These are the things I can say with certainty about the Florida Gators in 2015 — and they're essentially the things I would have said about the Gators even before Saturday's Orange and Blue Debut. (Orange, consisting mostly of likely starters, won, by a 31-6 count. That doesn't matter.)
The Orange team's starters on the defensive line terrorized an offensive line that had one player — Andrew Mike, in case you were curious — currently receiving a scholarship to play football, all but living in the Blue backfield; the Blue team gained 67 yards over 39 plays, which is, well, terrible, but few of the players who played in blue jerseys on this Saturday are likely to see snaps for Jim McElwain's first Florida team this fall, and very few of the linemen should.
It's the Orange team that was worth evaluating on this day. And it was ... okay.
Will Grier got the first snaps at quarterback with that team — after a Robinson "kick return" "touchdown" on the first "play" of the day — and drove it for a touchdown on the first drive of the day, notably connecting twice with DeAndre Goolsby (playing in the stead of Jake McGee) for 40 yards on the series. Kelvin Taylor (11 carries, 40 yards, two touchdowns) would punch it in to finish the drive, and the scoring had begun.
And it ended there, too, at least for the first half. The only points for the rest of the half came on the Orange's team's final drive, a 55-yard jaunt piloted by Treon Harris, and the Blue team's last one, an untimed series of downs that began in the red zone.
Orange would tack on three more touchdowns in the second half, two in the third quarter, with Harris throwing a touchdown pass to C'yontai Lewis on the final play of the third.

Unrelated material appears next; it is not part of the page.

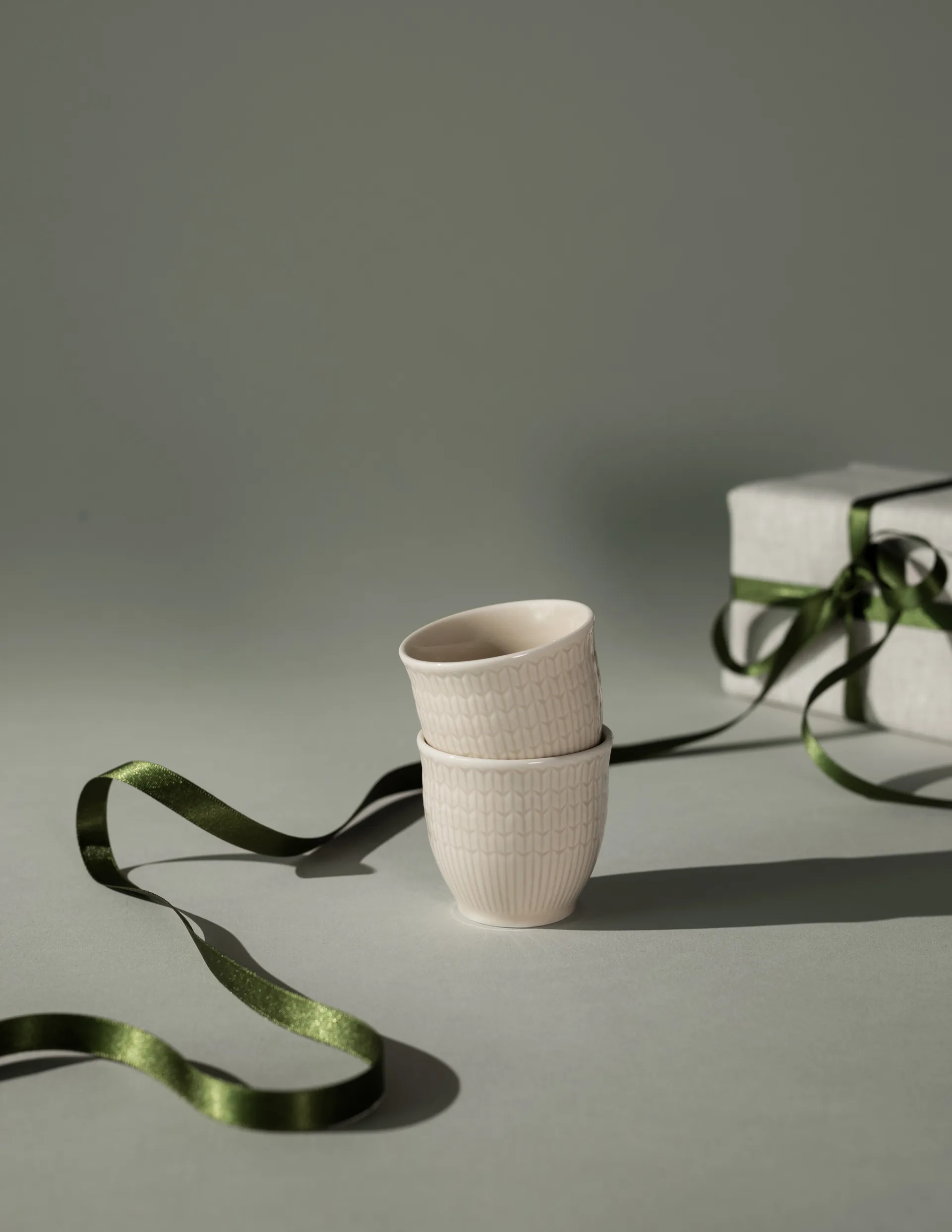 Swedish Grace αβγοθήκη 2 τεμάχια, βρώμη Rörstrand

Grier went 7-for-9 for 130 yards to Harris's 6-for-9 for 95 yards and a touchdown, and it was Grier who looked slightly sharper and more capable of making throws on this day. Both players hooked up on long throws of 42 yards, but Grier's bomb on a flea-flicker to Alvin Bailey was thrown on target, while Harris's connection with Robinson forced the latter to slow up and adjust to make a twisting mid-air catch. And Grier made the best throw of the day, a stellar 35-yard throw to Lewis on the sideline; Harris's similar throw to Valdez Showers for a 24-yard reception had more to do with Showers's ability to stick a foot down in bounds.
If the season started tomorrow, I think it's a pretty safe assumption that Grier would start. His arm has always looked better than Harris's on a consistent basis, and he looked slightly more comfortable in McElwain's offense on this Saturday than Harris did, though Harris missing practices after a death in the family this spring could help explain the latter deficiency.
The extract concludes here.